Overview and Basic Description
Jobs on Edison execute on one or more "compute" nodes dedicated to that job. These nodes are distinct from the shared "login" nodes that host interactive sessions and the shared "MOM" nodes that execute commands from a "batch script" that controls how the job runs. Typically, users write the batch script with a text editor and submit it to the system using the "qsub" command. The batch script contains a number of job control directives and also the "aprun" command that actually launches the program on to the compute nodes. It is possible to run small, short parallel jobs interactively as described in the pages in this section.
Pages in this section explain the process in more detail.
Types of Nodes on Edison
Before running your job it is useful to understand the different types of nodes on Edison.

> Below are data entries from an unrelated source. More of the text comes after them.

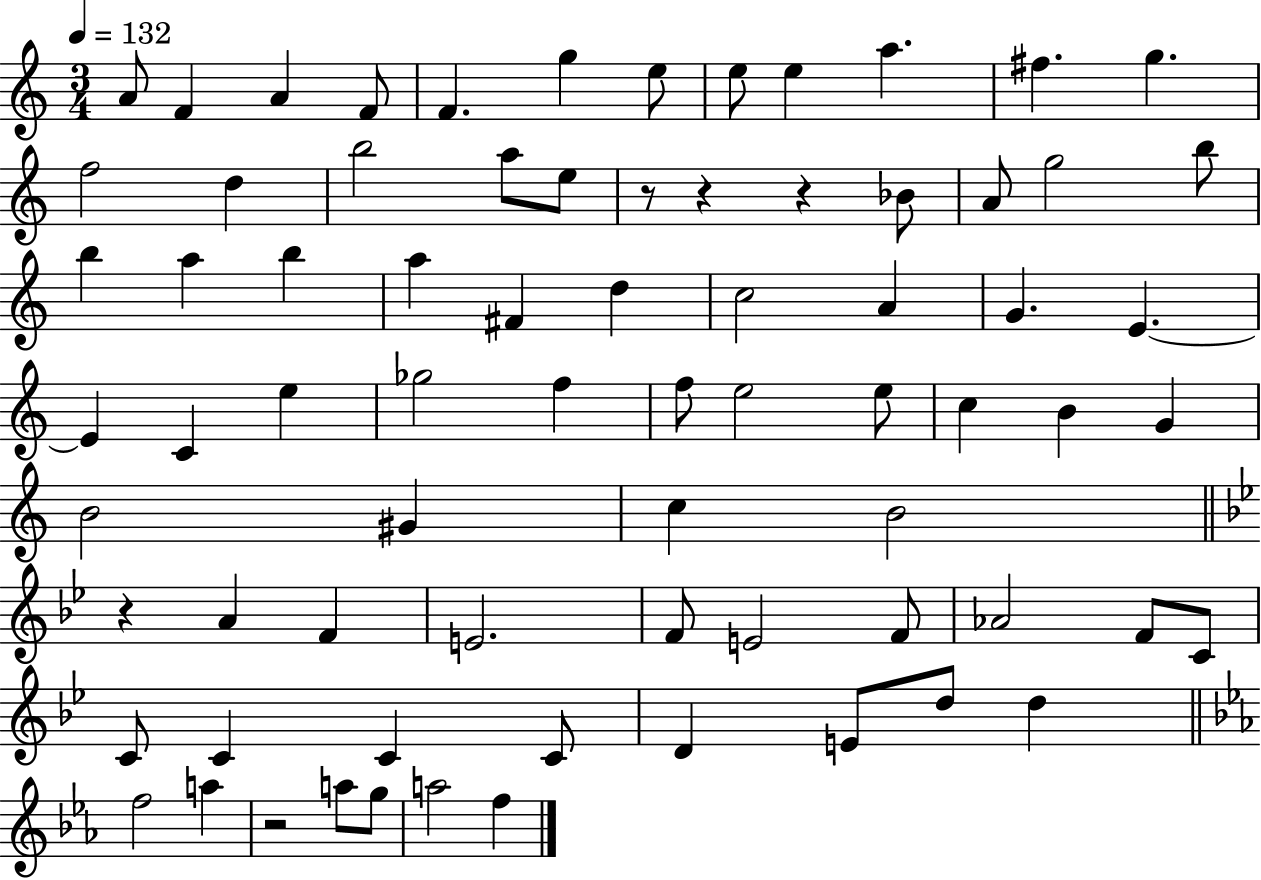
A4/e F4/q A4/q F4/e F4/q. G5/q E5/e E5/e E5/q A5/q. F#5/q. G5/q. F5/h D5/q B5/h A5/e E5/e R/e R/q R/q Bb4/e A4/e G5/h B5/e B5/q A5/q B5/q A5/q F#4/q D5/q C5/h A4/q G4/q. E4/q. E4/q C4/q E5/q Gb5/h F5/q F5/e E5/h E5/e C5/q B4/q G4/q B4/h G#4/q C5/q B4/h R/q A4/q F4/q E4/h. F4/e E4/h F4/e Ab4/h F4/e C4/e C4/e C4/q C4/q C4/e D4/q E4/e D5/e D5/q F5/h A5/q R/h A5/e G5/e A5/h F5/q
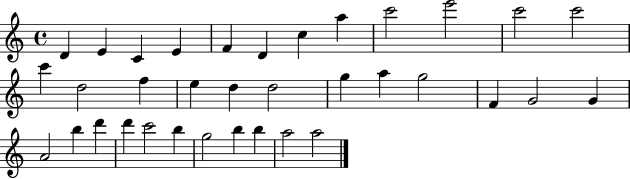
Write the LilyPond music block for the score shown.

{
  \clef treble
  \time 4/4
  \defaultTimeSignature
  \key c \major
  d'4 e'4 c'4 e'4 | f'4 d'4 c''4 a''4 | c'''2 e'''2 | c'''2 c'''2 | \break c'''4 d''2 f''4 | e''4 d''4 d''2 | g''4 a''4 g''2 | f'4 g'2 g'4 | \break a'2 b''4 d'''4 | d'''4 c'''2 b''4 | g''2 b''4 b''4 | a''2 a''2 | \break \bar "|."
}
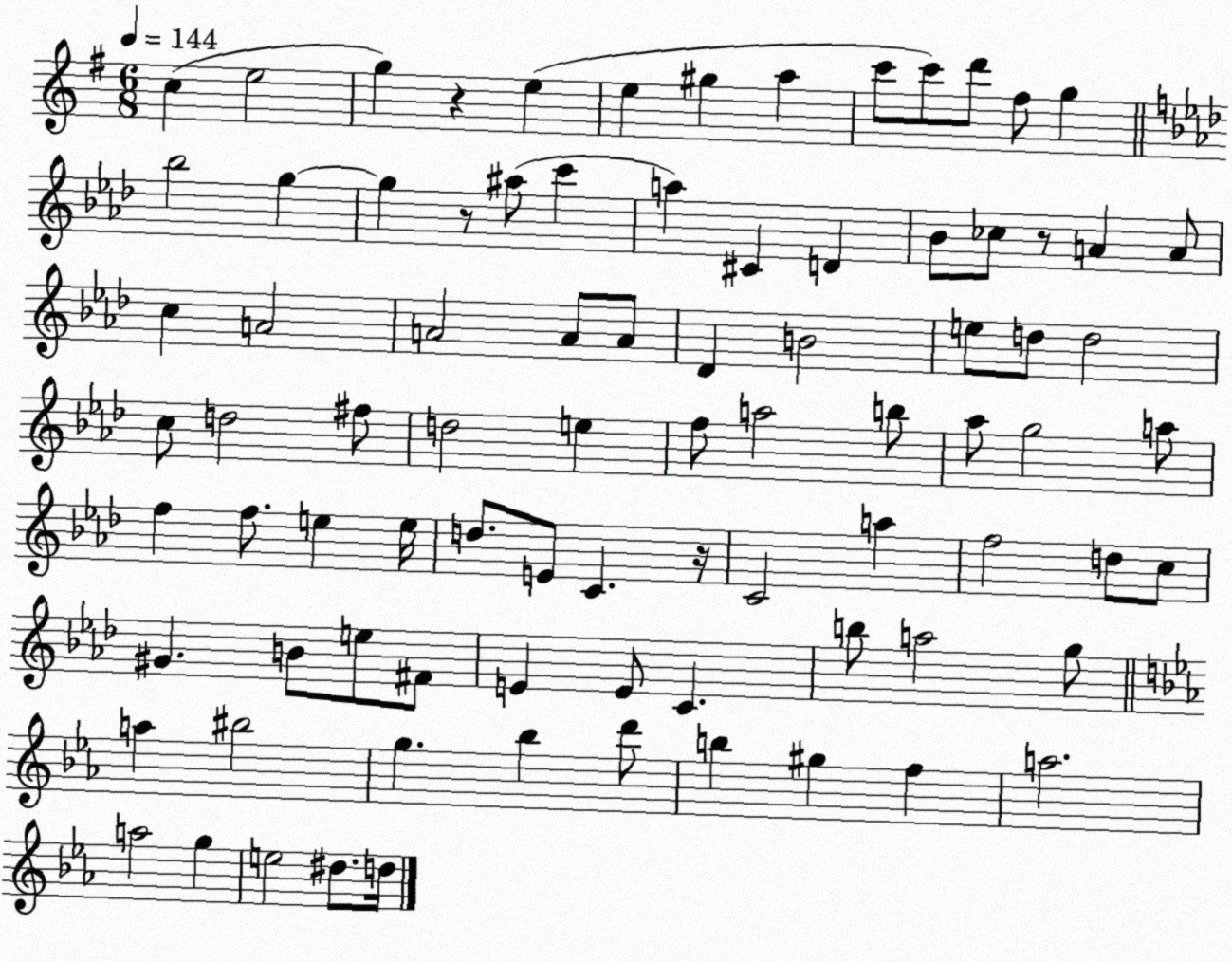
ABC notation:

X:1
T:Untitled
M:6/8
L:1/4
K:G
c e2 g z e e ^g a c'/2 c'/2 d'/2 ^f/2 g _b2 g g z/2 ^a/2 c' a ^C D _B/2 _c/2 z/2 A A/2 c A2 A2 A/2 A/2 _D B2 e/2 d/2 d2 c/2 d2 ^f/2 d2 e f/2 a2 b/2 _a/2 g2 a/2 f f/2 e e/4 d/2 E/2 C z/4 C2 a f2 d/2 c/2 ^G B/2 e/2 ^F/2 E E/2 C b/2 a2 g/2 a ^b2 g _b d'/2 b ^g f a2 a2 g e2 ^d/2 d/4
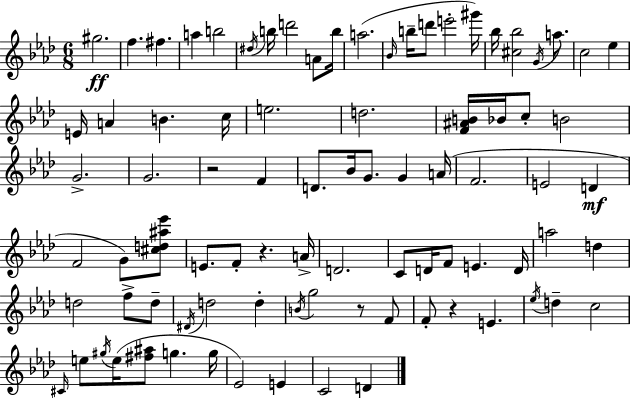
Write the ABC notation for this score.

X:1
T:Untitled
M:6/8
L:1/4
K:Fm
^g2 f ^f a b2 ^d/4 b/4 d'2 A/2 b/4 a2 _B/4 b/4 d'/2 e'2 ^g'/4 _b/4 [^c_b]2 G/4 a/2 c2 _e E/4 A B c/4 e2 d2 [F^AB]/4 _B/4 c/2 B2 G2 G2 z2 F D/2 _B/4 G/2 G A/4 F2 E2 D F2 G/2 [^cd^a_e']/2 E/2 F/2 z A/4 D2 C/2 D/4 F/2 E D/4 a2 d d2 f/2 d/2 ^D/4 d2 d B/4 g2 z/2 F/2 F/2 z E _e/4 d c2 ^C/4 e/2 ^g/4 e/4 [^f^a]/2 g g/4 _E2 E C2 D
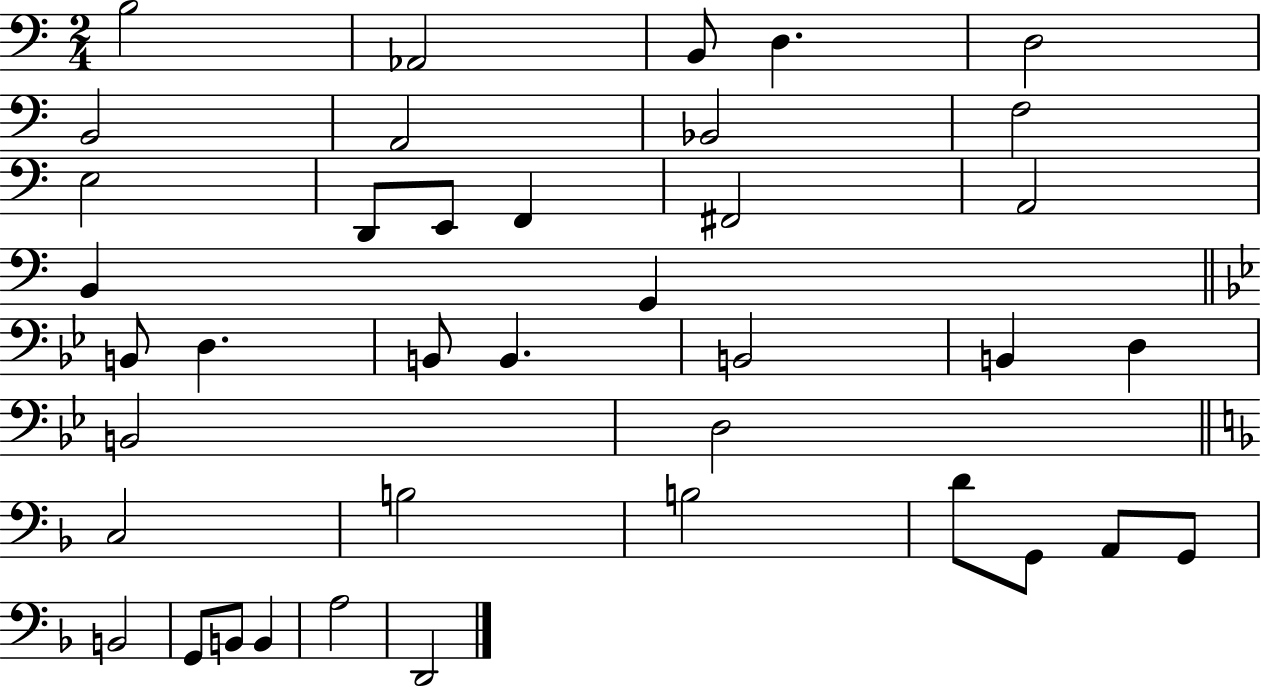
X:1
T:Untitled
M:2/4
L:1/4
K:C
B,2 _A,,2 B,,/2 D, D,2 B,,2 A,,2 _B,,2 F,2 E,2 D,,/2 E,,/2 F,, ^F,,2 A,,2 B,, G,, B,,/2 D, B,,/2 B,, B,,2 B,, D, B,,2 D,2 C,2 B,2 B,2 D/2 G,,/2 A,,/2 G,,/2 B,,2 G,,/2 B,,/2 B,, A,2 D,,2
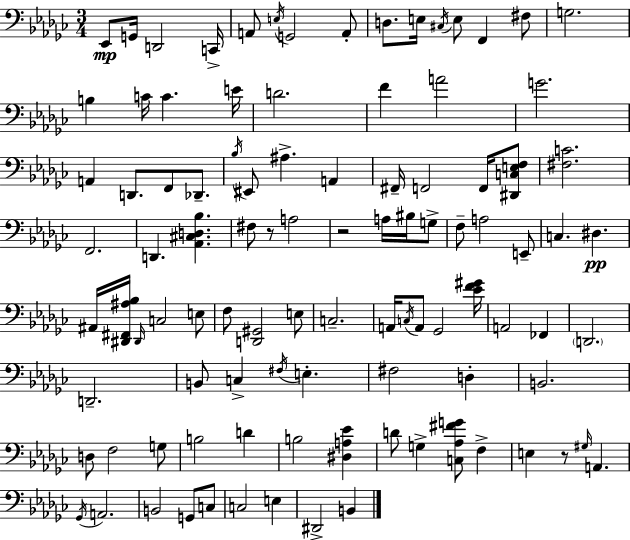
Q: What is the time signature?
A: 3/4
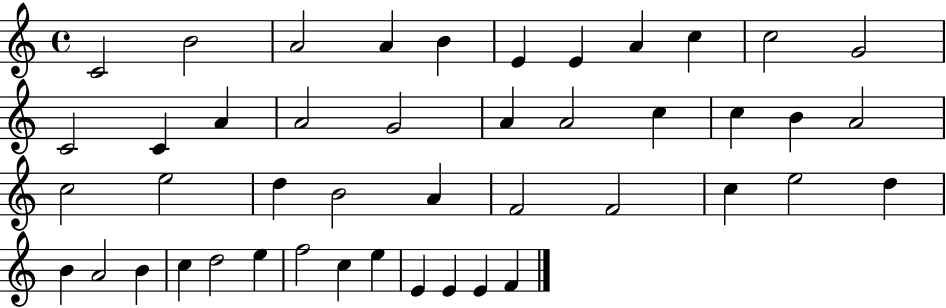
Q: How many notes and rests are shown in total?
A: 45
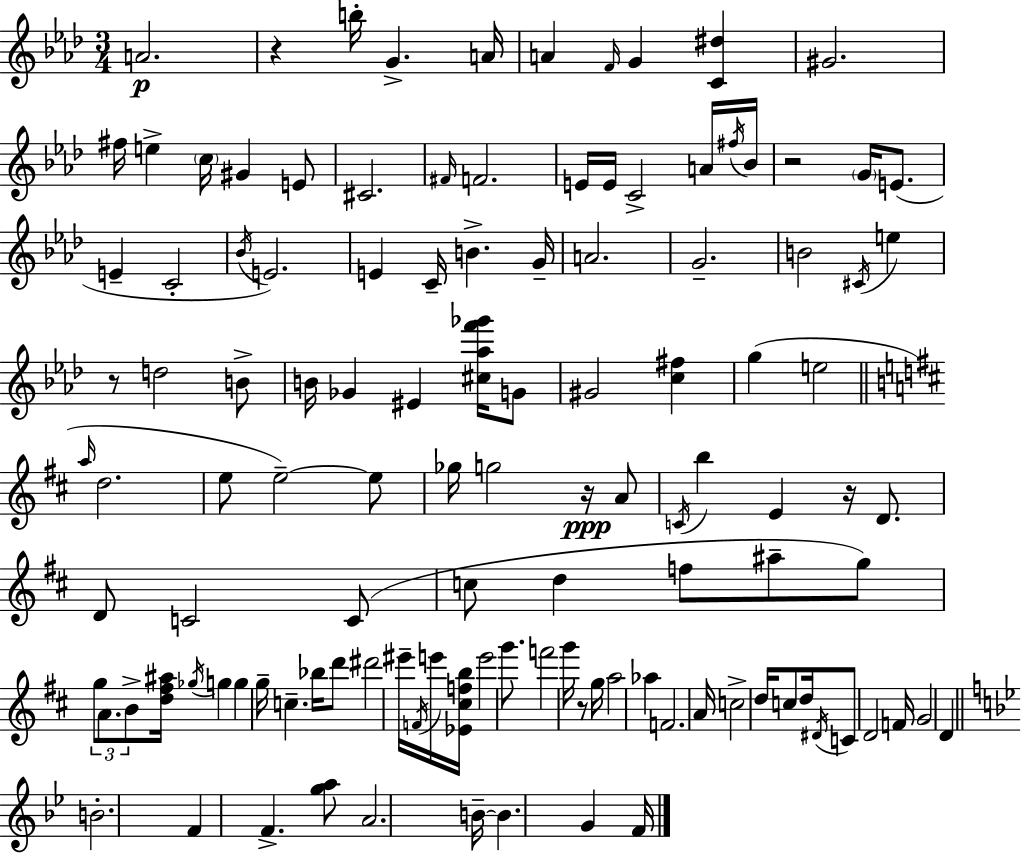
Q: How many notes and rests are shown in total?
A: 119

The 5,200 compute nodes are dedicated to running scientific applications. A job is given exclusive access to each node it requests for the entirety of the job's run time. Since Edison has 24 cores on each node, the maximum allocatable number of cores is 124,800. By default the compute nodes run a somewhat restricted Linux operating system for performance reasons. If a system call or dynamic library needed by your code is not available in this environment, there is an option to enable a more expansive Linux enviroment by using cluster compatibility mode. See Cluster Compatibility Mode and Queues and Scheduling Policies for selecting the correct queue.
Edison's login nodes run a full Linux operating system and provide support services for the system. When you connect to Edison with SSH, you land on a login node. These nodes are shared by many users; please do not run applications on the login nodes.
Job Host (MOM) Nodes
MOM nodes are servers that execute batch job commands. These nodes are shared by many users and thus are not intended for compute- or memory-intensive applications.
File Systems to Use for Running Jobs
There are multiple file systems available on Edison. In general, it it not recommended to run from home file system, since it is not tuned for parallel applications, especially applications with large I/O. Users should choose Lustre file systems ($SCRATCH, or /scratch3) or Global Parallel File Systems ($GSCRATCH, /project, /projectb) for production runs.
Only the login nodes are available for direct interactive access. You can not SSH directly to compute nodes or MOM nodes.